According to The New York Post, Sports Illustrated swimsuit model Brooks Nader was followed for around five hours in New York City by a stalker who slipped an Apple AirTag into her coat pocket.
The 26-year-old had no idea the device was even on her person and was only alerted to its presence by a push notification on her iPhone, informing her that an “unknown accessory” had been detected and was moving with her.
Apple launched the AirTag for $29 USD ($39 CAD) in April of last year as a tracking device to help customers locate items using the company’s Find My network, which boasts over 1 billion Apple devices globally.
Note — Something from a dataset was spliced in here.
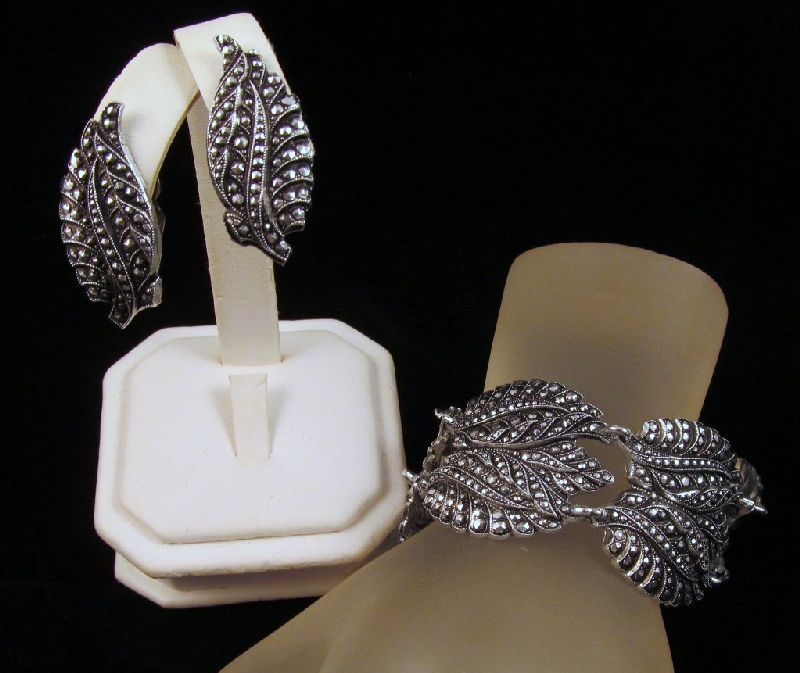 West Germany ELOXAL Aluminum Leaf Bracelet Earrings Silver-tone West Germany ELOXAL Aluminum Leaf Bracelet Earrings Silver-tone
It is no stretch to imagine how functionality like that could be used maliciously by bad actors. There have been multiple reports of AirTags being used to stalk individuals and even mark and track cars for theft. Last month, a Dodge Charger owner in Detroit was notified of an AirTag in his car by his iPhone.
Nader later recounted the events to her 828,000 followers on Instagram.
“This ‘device’ followed me for the last five hours to every location and [it belonged to] no one in my ‘network.’ It also wasn’t a phone or tablet, it was an ‘item,'” she explained. “I want this to be a PSA to all my ladies to please please check your belongings.”
Apple, however, actively works to prevent AirTags from being used to track people without their consent, as notifications inform users of unknown devices following them.
The iPhone maker in December even launched an Android app to locate and notify users of unknown AirTags in their vicinity.
“We take customer safety very seriously and are committed to AirTag’s privacy and security,” an Apple spokesperson told The New York Post.
“AirTag is designed with a set of proactive features to discourage unwanted tracking — a first in the industry — and the Find My network includes a smart, tunable system with deterrents that applies to AirTag, as well as third-party products as part of the Find My network accessory program,” said the Apple spokesperson.